I'd like to ask a follow up question to the one posed on Stackoverflow here.
@lyonwj notes in his answer that "We can batch multiple queries into one transaction for better performance... Typically we can batch ~20k database operations in a single transaction. "
For convenience, I have pasted the example code below:
tx = graph.begin()
for index, row in df.iterrows():
tx.evaluate('''
MATCH (a:Label1 {property:$label1))
MERGE (a)-[r:R_TYPE]->(b:Label2 {property:$label2))
''', parameters = {'label1': row['label1'], 'label2': row['label2']})
tx.commit()
Well, what if the Pandas dataframe had much more than 20,000 rows? Suppose 10 million. I know that if we are using LOAD_CSV directly from the cypher-shell, we would include PERIODIC COMMIT 20000 to make it commit every 20000 lines of the CSV.
What would be the equivalent of using PERIODIC COMMIT 20000 for importing from a large dataframe and using py2neo?
The py2neo docs mention an optional autocommit argument to make each individual transaction automatically commit (almost the opposite of what I want). But I don't see anything about specifying PERIODIC COMMIT.
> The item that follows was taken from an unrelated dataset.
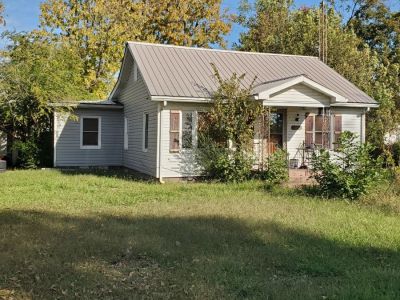 115 Baden St details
The closest I can think of to a workaround is, within the iterrows loop, is to just do a modulo operation on the row variable. And keep the final commit() outside the loop. So the modified code would look something like this:
tx = graph.begin()
for index, row in df.iterrows():
tx.evaluate('''
MATCH (a:Label1 {property:$label1))
MERGE (a)-[r:R_TYPE]->(b:Label2 {property:$label2))
''', parameters = {'label1': row['label1'], 'label2': row['label2']})
if row % 20000 == 0:
tx.commit()
tx.commit()
Would this be a viable workaround? Is there any other way?